■ **The problem**
Return the whole listing, line for line, without the pictures in it.
• • • •
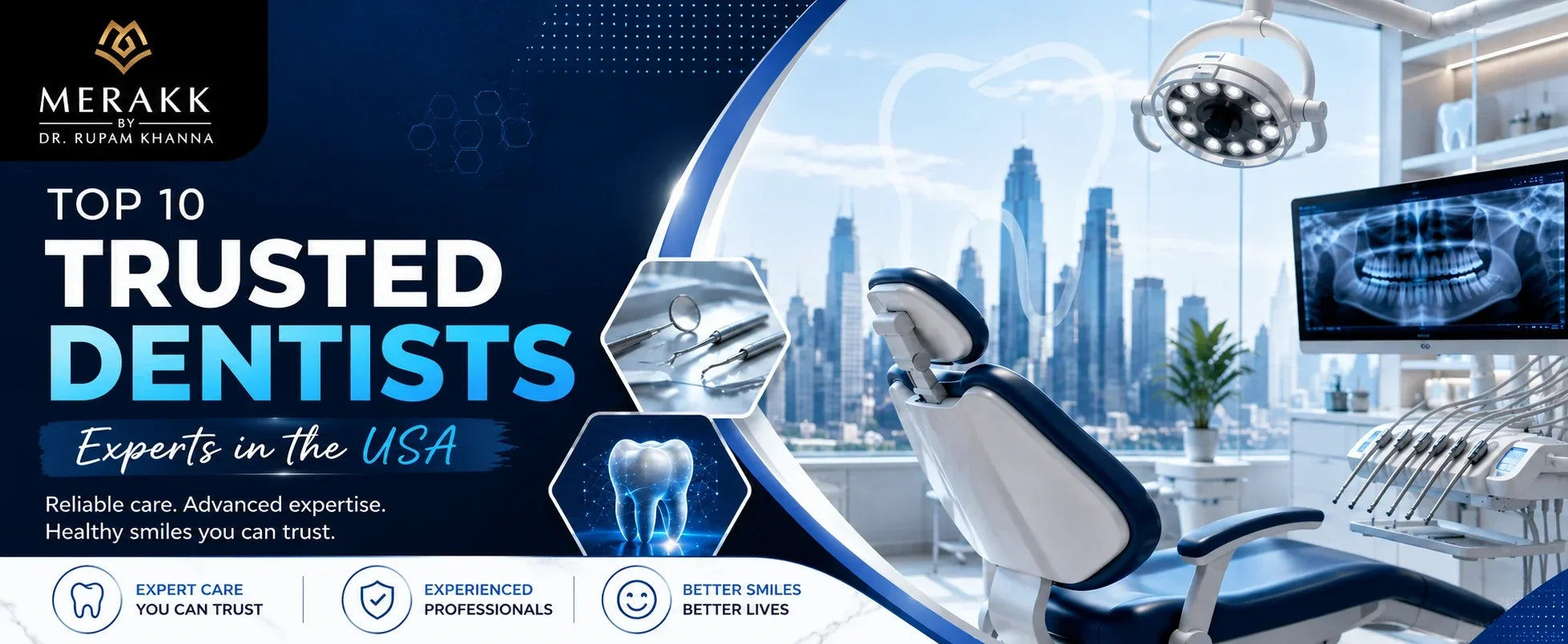Top 10 Trusted Dentists Experts in the USA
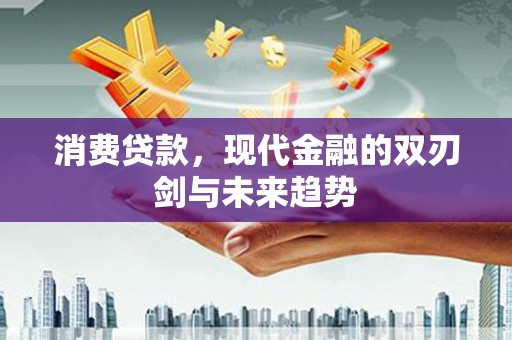 雨山消费贷款，现代金融的双刃剑与未来趋势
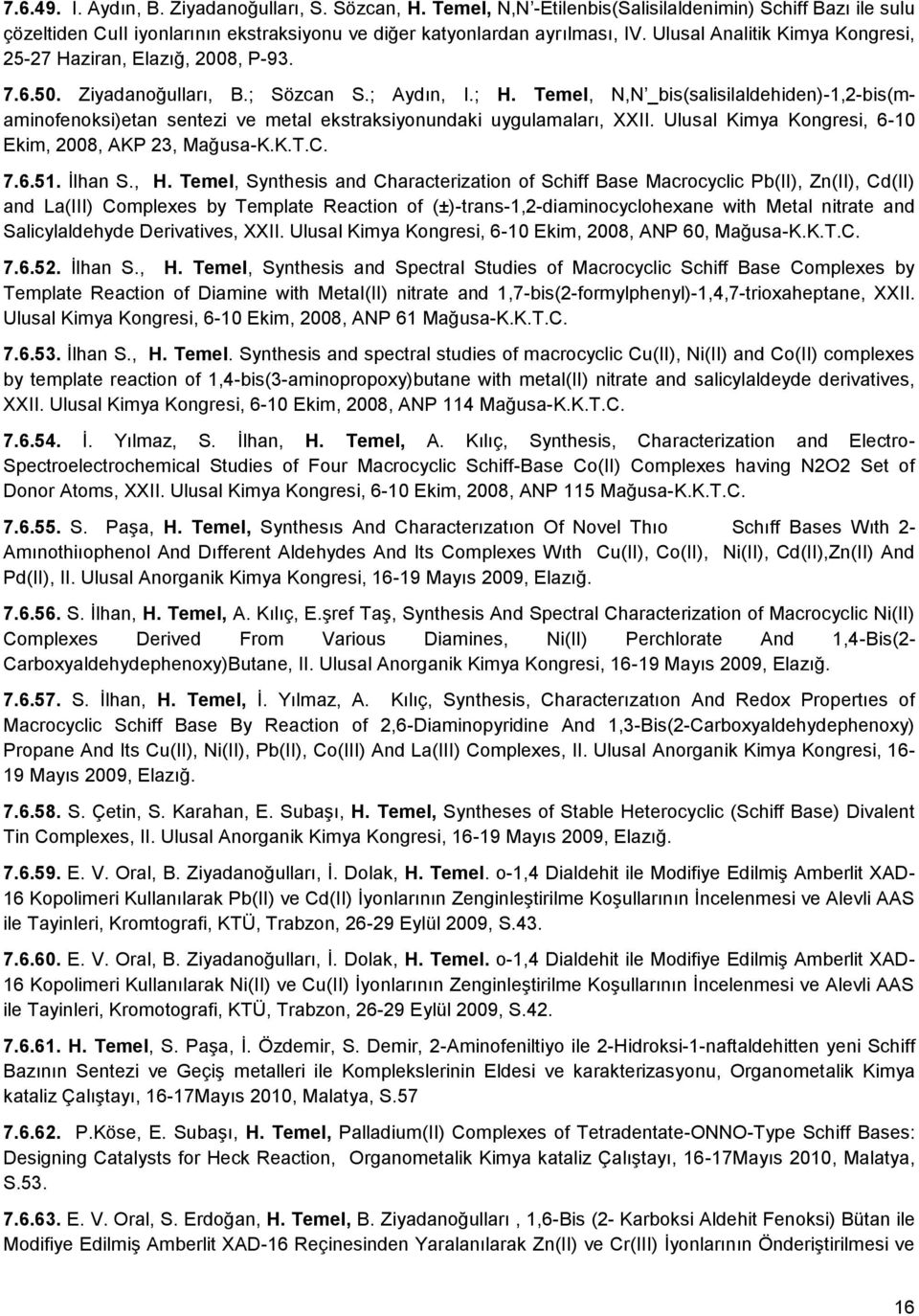 Temel, N,N _bis(salisilaldehiden)-1,2-bis(maminofenoksi)etan sentezi ve metal ekstraksiyonundaki uygulamaları, XXII. Ulusal Kimya Kongresi, 6-10 Ekim, 2008, AKP 23, Mağusa-K.K.T.C. 7.6.51. İlhan S.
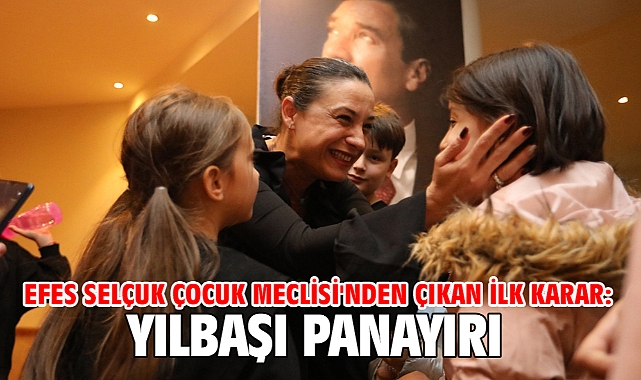 Efes Selçuk Çocuk Meclisi'nden çıkan ilk karar: Yılbaşı panayırı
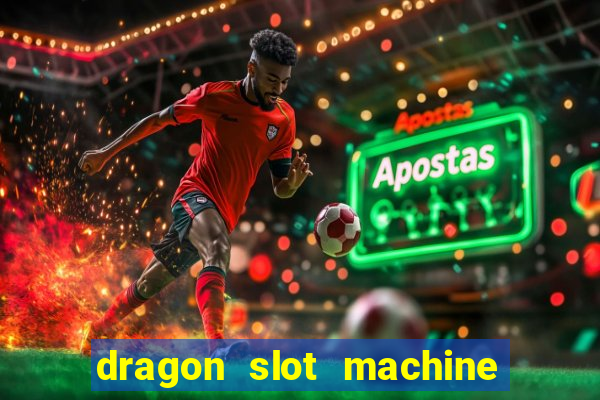 dragon slot machine at casino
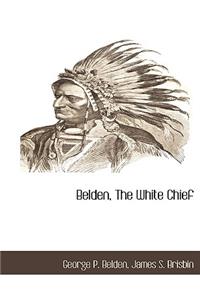 Belden, The White Chief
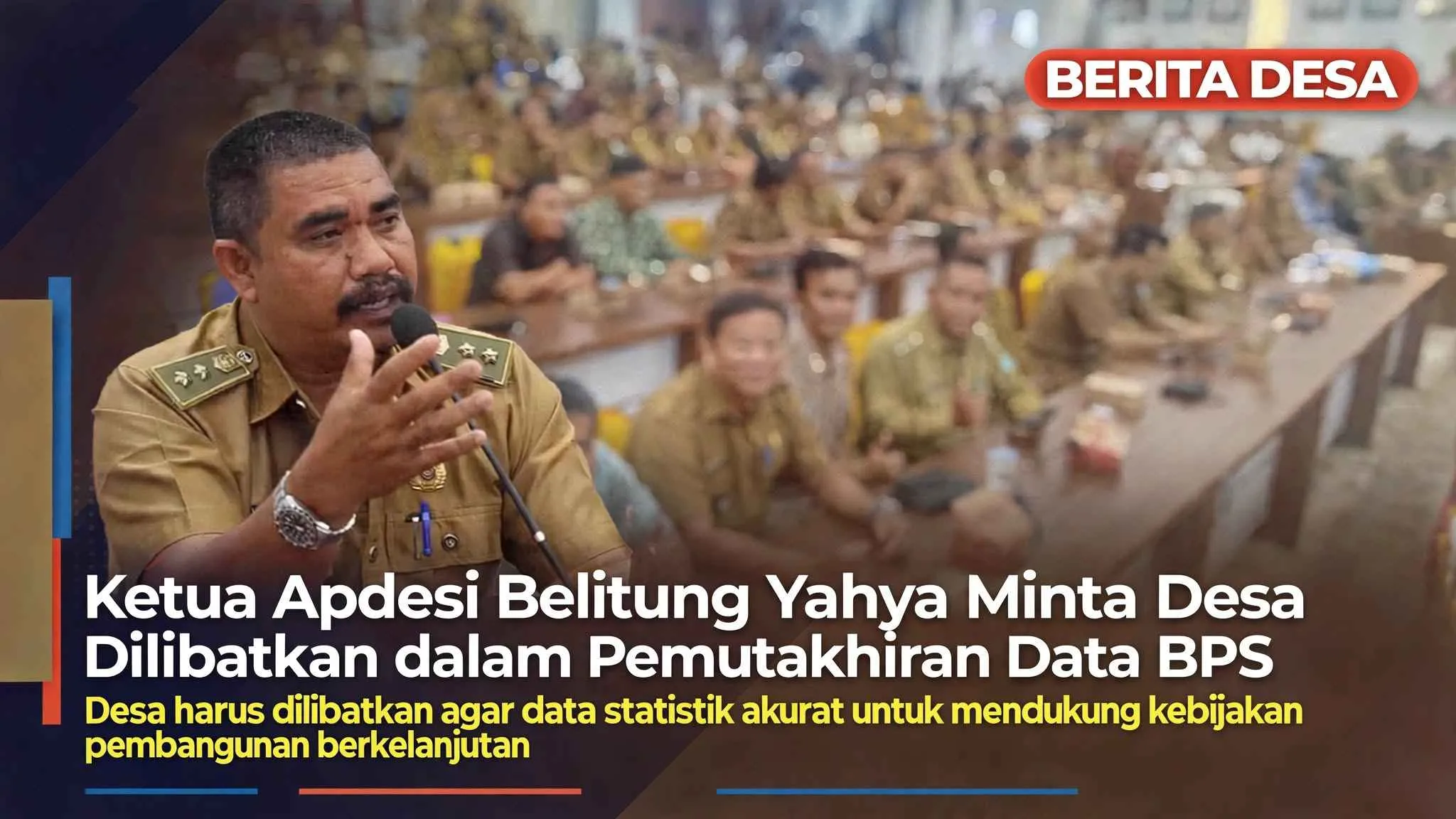 Ketua Apdesi Belitung Yahya Minta Desa Dilibatkan dalam Pemutakhiran Data BPS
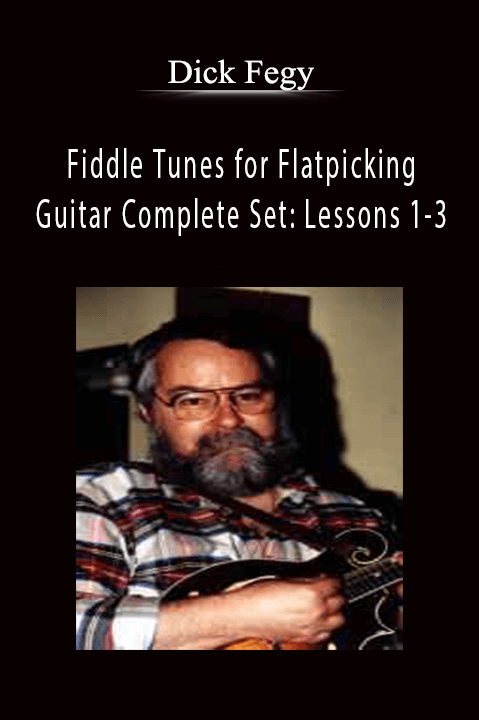 Fiddle Tunes for Flatpicking Guitar Complete Set: Lessons 1–3 – Dick Fegy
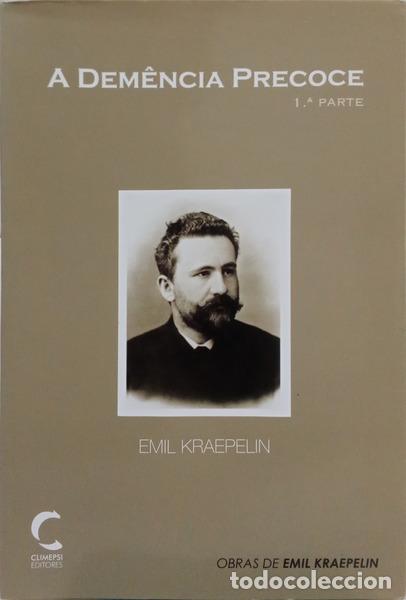 Livres: KRAEPELIN. (Emil) - A DEM&Ecirc;NCIA PRECOCE. [2 VOLS./1.&ordf; EDI&Ccedil;&Atilde;O]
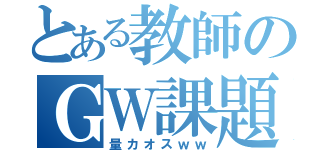 とある教師のＧＷ課題（量カオスｗｗ）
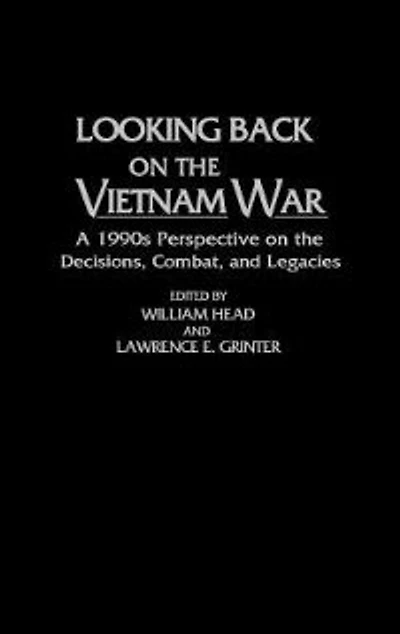 Looking Back on the Vietnam War: A 1990s Perspective on the Decisions, Combat
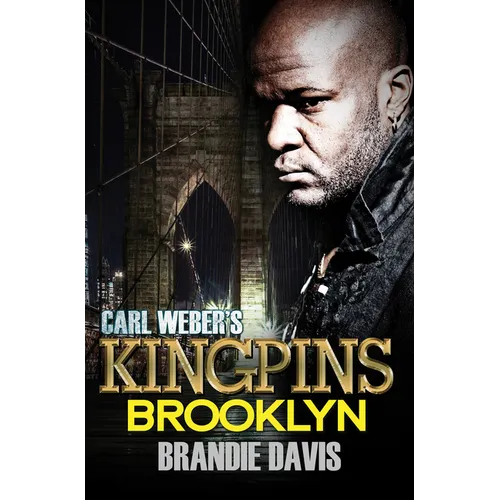 Carl Weber's Kingpins: Brooklyn: Carl Weber Presents - Paperback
• • • •
■ **Expected answer**
Top 10 Trusted Dentists Experts in the USA
 雨山消费贷款，现代金融的双刃剑与未来趋势
 Temel, N,N _bis(salisilaldehiden)-1,2-bis(maminofenoksi)etan sentezi ve metal ekstraksiyonundaki uygulamaları, XXII. Ulusal Kimya Kongresi, 6-10 Ekim, 2008, AKP 23, Mağusa-K.K.T.C. 7.6.51. İlhan S.
 Efes Selçuk Çocuk Meclisi'nden çıkan ilk karar: Yılbaşı panayırı
 dragon slot machine at casino
 Belden, The White Chief
 Ketua Apdesi Belitung Yahya Minta Desa Dilibatkan dalam Pemutakhiran Data BPS
 Fiddle Tunes for Flatpicking Guitar Complete Set: Lessons 1–3 – Dick Fegy
 Livres: KRAEPELIN. (Emil) - A DEM&Ecirc;NCIA PRECOCE. [2 VOLS./1.&ordf; EDI&Ccedil;&Atilde;O]
 とある教師のＧＷ課題（量カオスｗｗ）
 Looking Back on the Vietnam War: A 1990s Perspective on the Decisions, Combat
 Carl Weber's Kingpins: Brooklyn: Carl Weber Presents - Paperback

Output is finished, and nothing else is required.